* WORK ORDER
Take the line containing "Chłopięce|Dziewczęce>Boto Dziecięce Wysokie" through the last line of the data and retype those lines exactly. Pictures do not belong in the copy.

Scraped caption text data
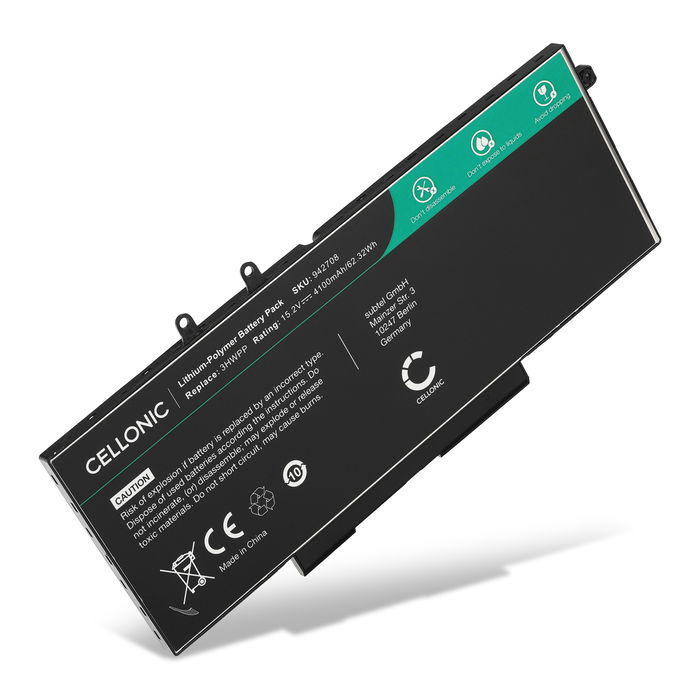 Batterij voor Dell Latitude 5410, 5510, 5401, Precision 3551, 3541, 3550, Vostro 5410, 3HWPP, 3PCVM, 401D9 Laptop - 4100mAh 15.2V 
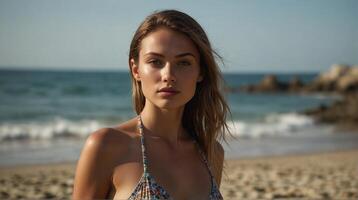 ein schön jung Frau im ein Bikini auf das Strand foto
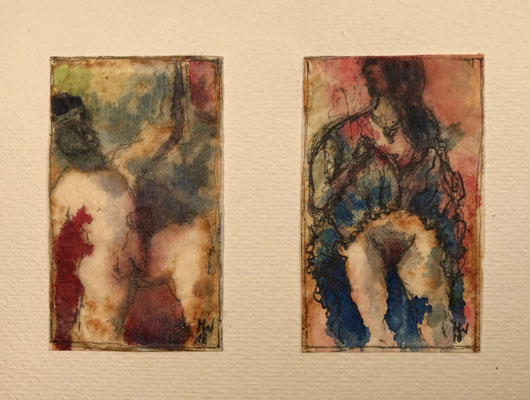 Teebeutel-Rendezvous (2018), Aquarell auf benutztem Teebeutelpapier, je 7,7x4,5cm
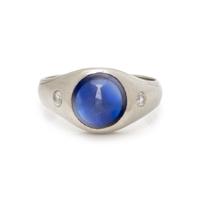 WHITE GOLD, SYNTHETIC SAPPHIRE, AND DIAMOND RING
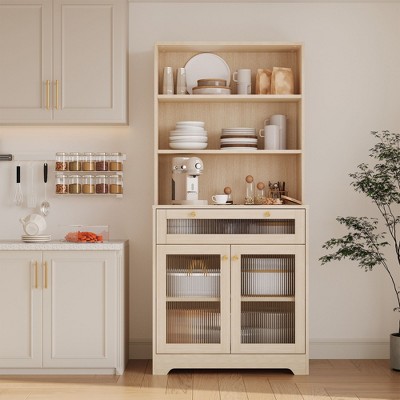 62" Kitchen Pantry Cabinet with Drawer, 6 Tier Kitchen Hutch with Double Glass Doors and Adjustable Shelves, Coffee Bar Cabinet for Dining Room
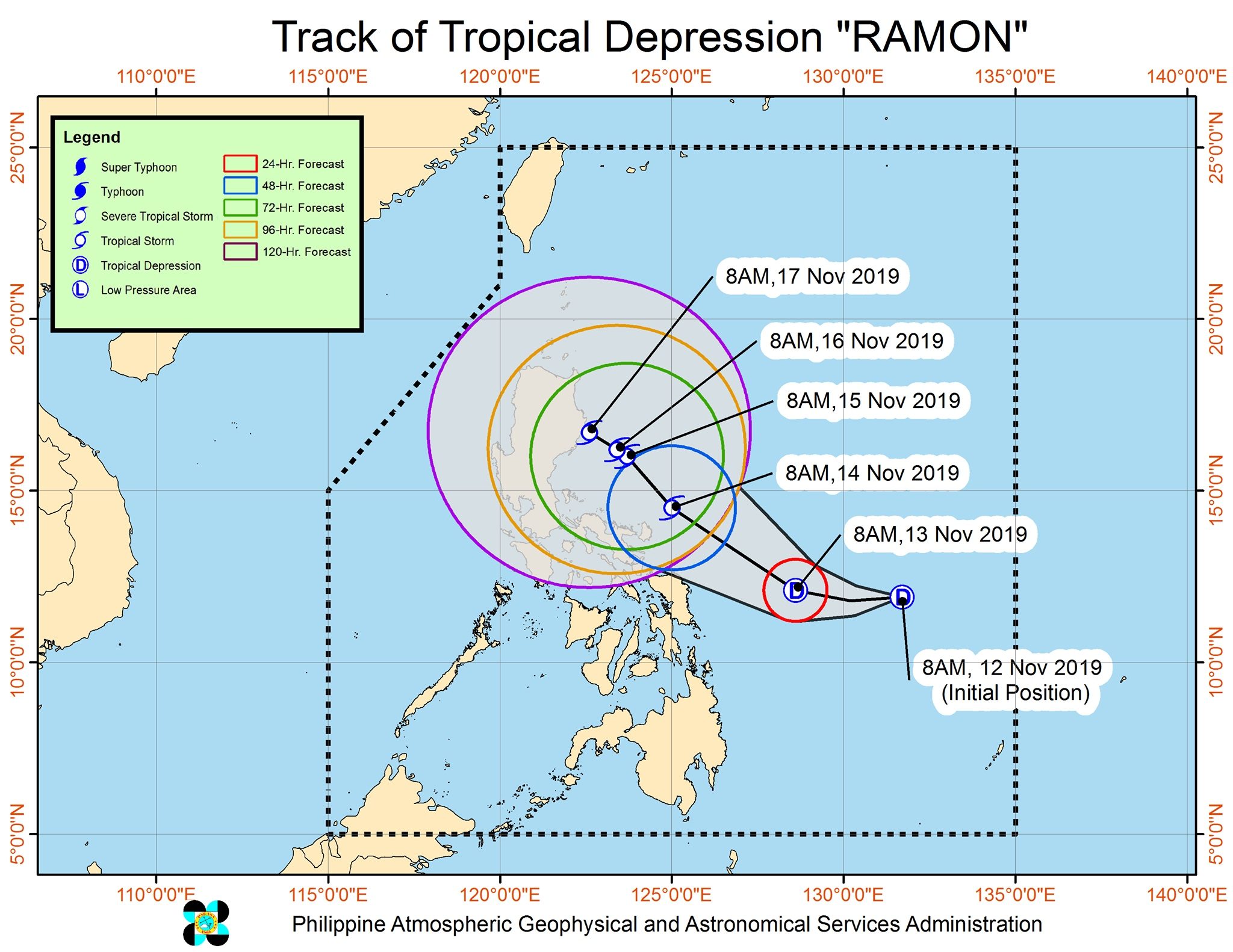 Forecast track of Tropical Depression Ramon as of November 12, 2019, 11 am. Image from PAGASA 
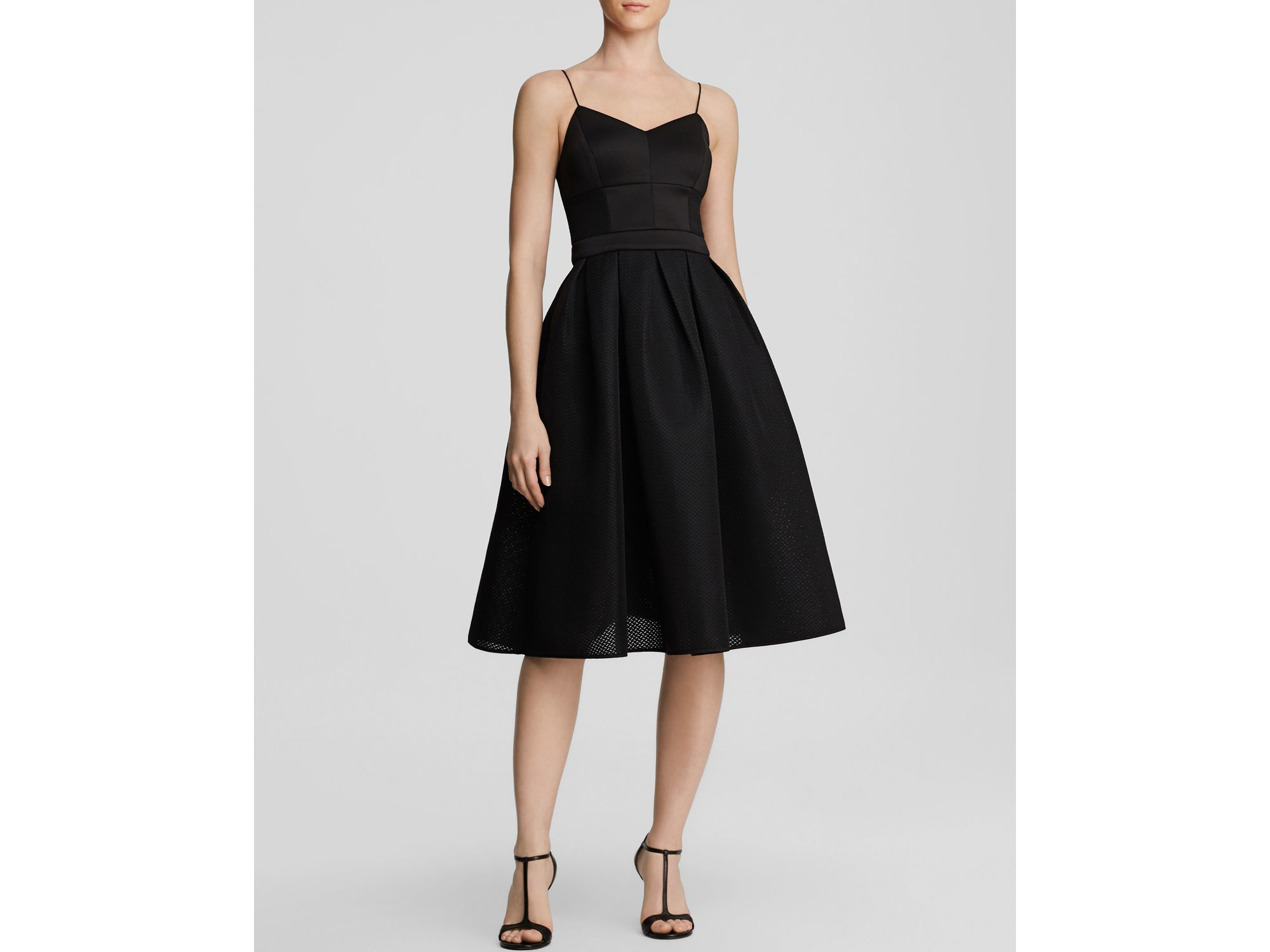 Lyst Cynthia Rowley Dress Neoprene Mesh In Black Gallery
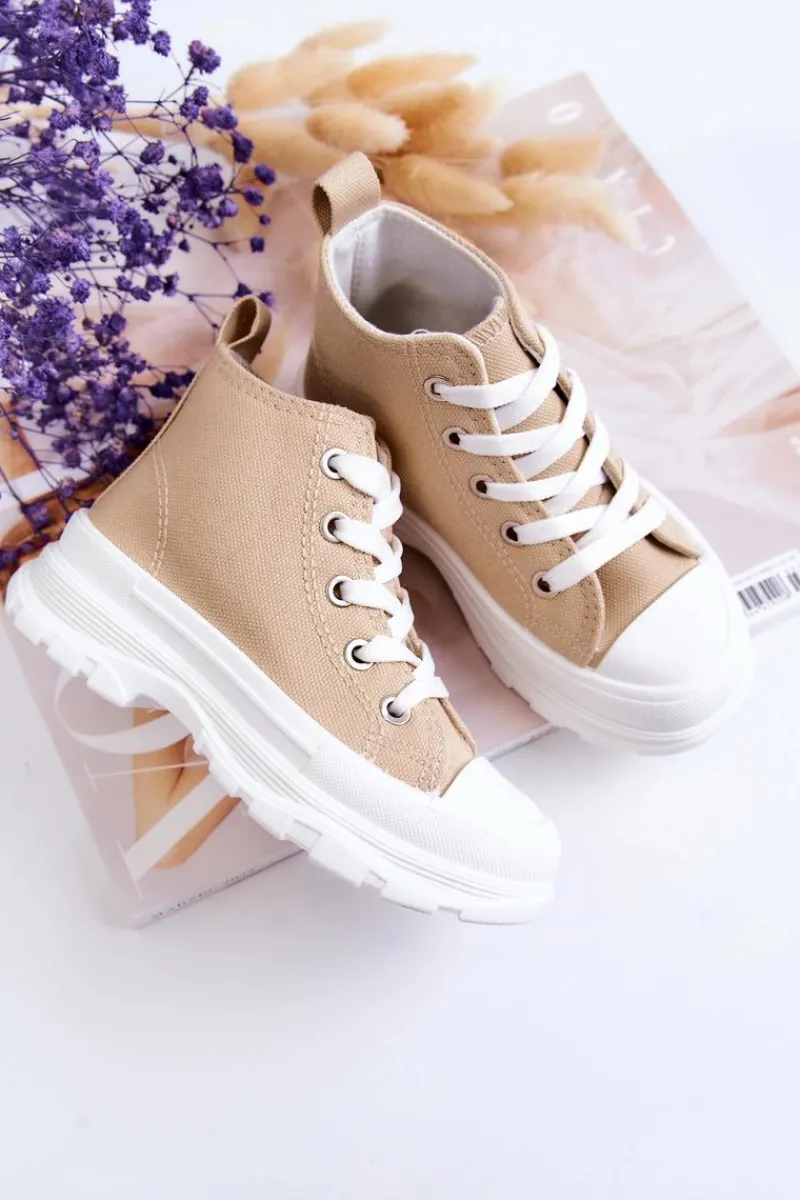 Chłopięce|Dziewczęce>Boto Dziecięce Wysokie Trampki Wiązane Beżowe Freeze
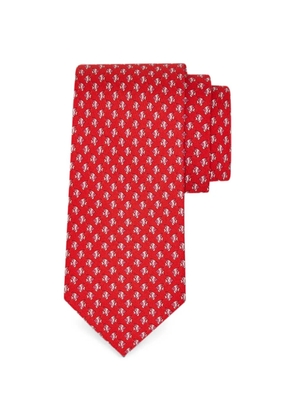 Ferragamo Mini Fish-print silk tie - Red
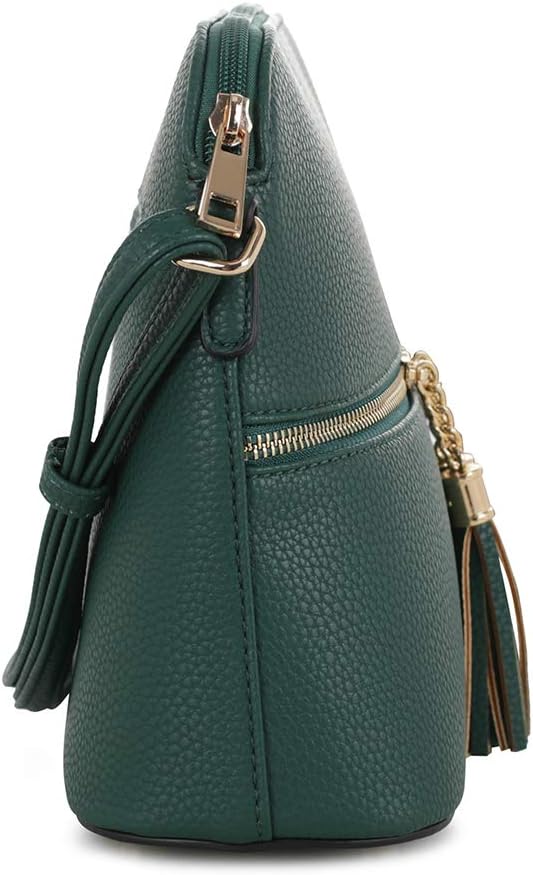 SG SUGU Lunar Lightweight Medium Dome Crossbody Bag Shoulder Bag with Tassel | Zipper Pocket | Adjustable Strap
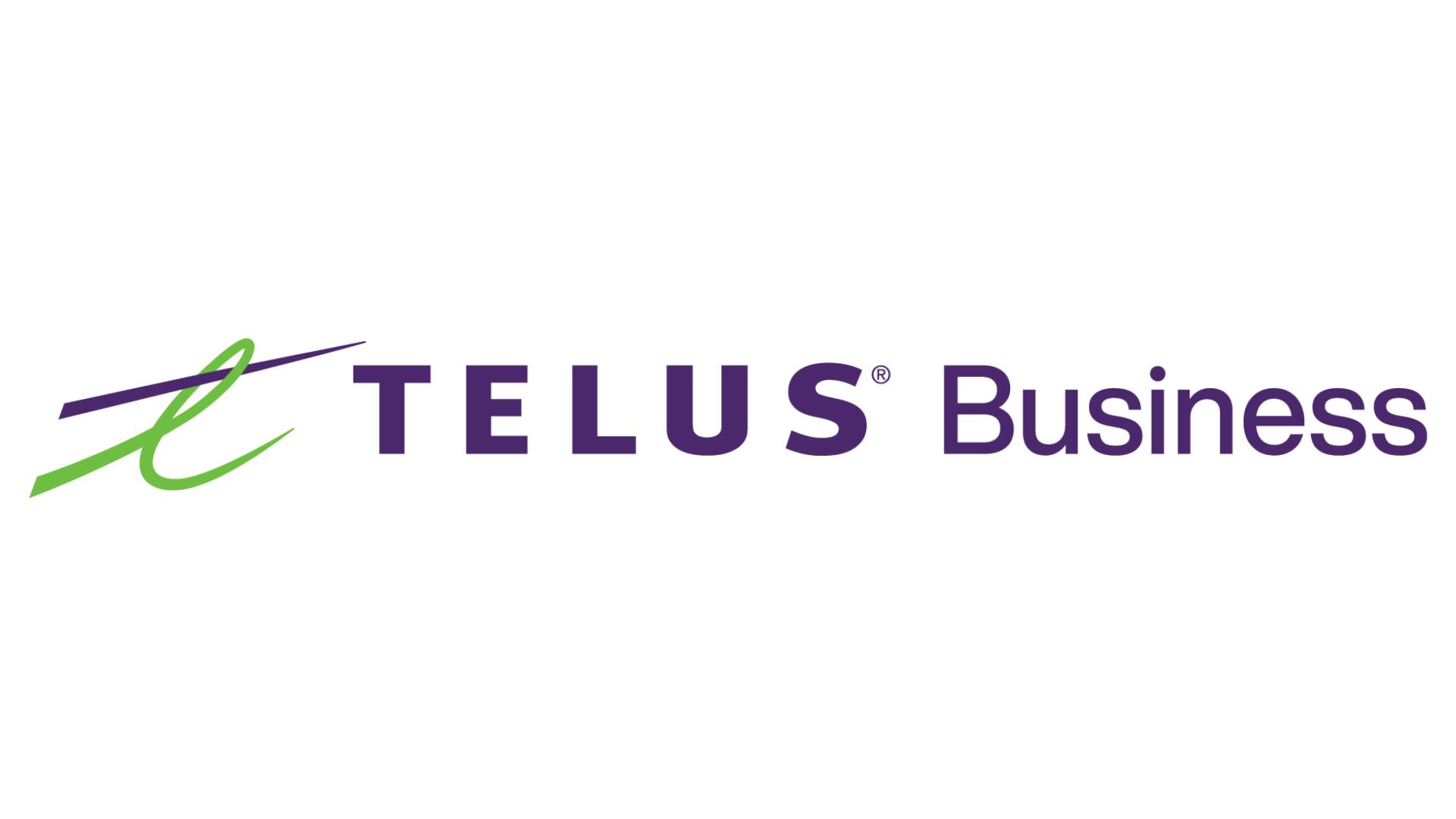 A logo for Telus Business on a white background.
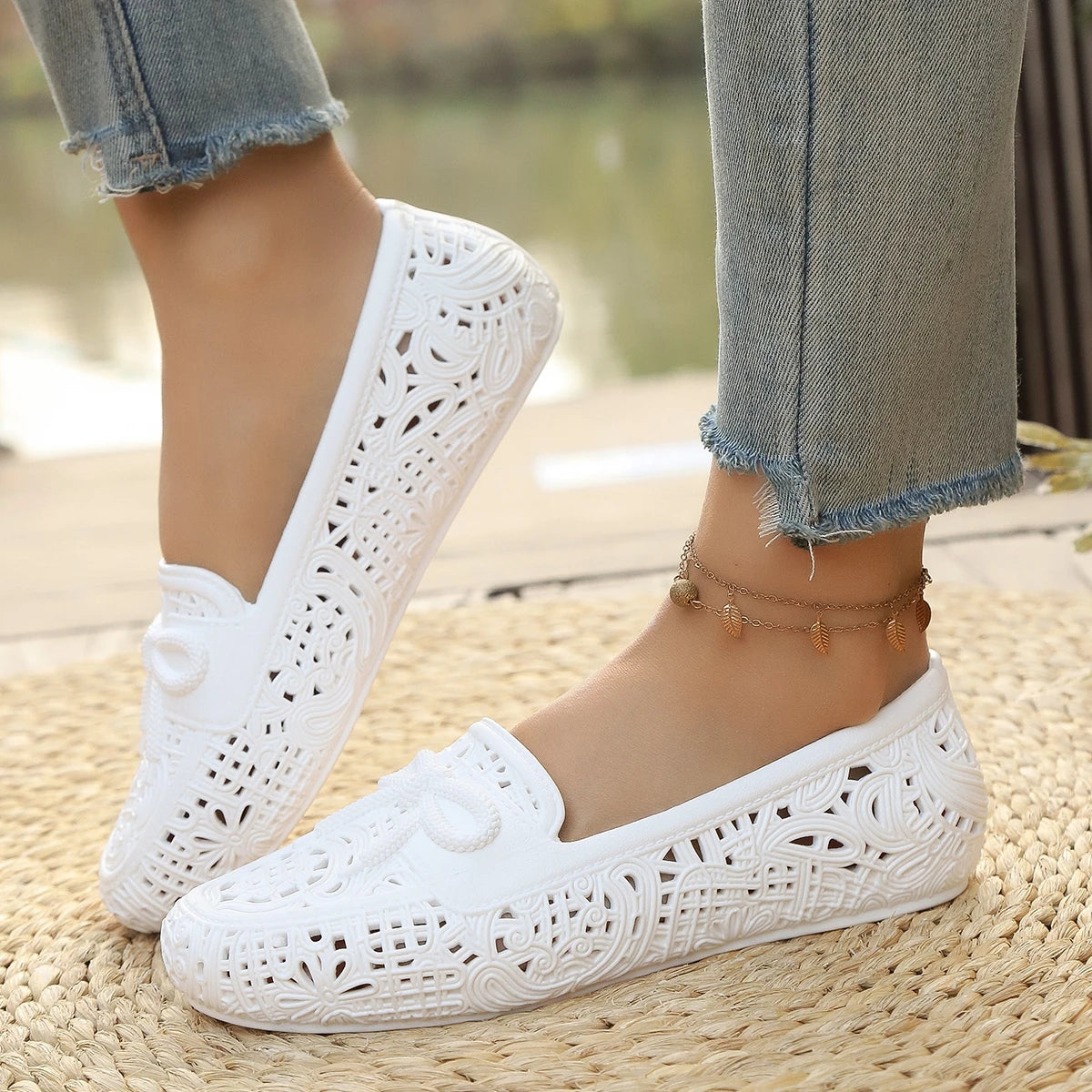 Summer New Style Round-toe Comfortable Anti-slip Sexy Casual Shoes Fashionable and Popular - Bow-shaped Flat Shoes for Women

* THE COMPLETED TASK
 Chłopięce|Dziewczęce>Boto Dziecięce Wysokie Trampki Wiązane Beżowe Freeze
 Ferragamo Mini Fish-print silk tie - Red
 SG SUGU Lunar Lightweight Medium Dome Crossbody Bag Shoulder Bag with Tassel | Zipper Pocket | Adjustable Strap
 A logo for Telus Business on a white background.
 Summer New Style Round-toe Comfortable Anti-slip Sexy Casual Shoes Fashionable and Popular - Bow-shaped Flat Shoes for Women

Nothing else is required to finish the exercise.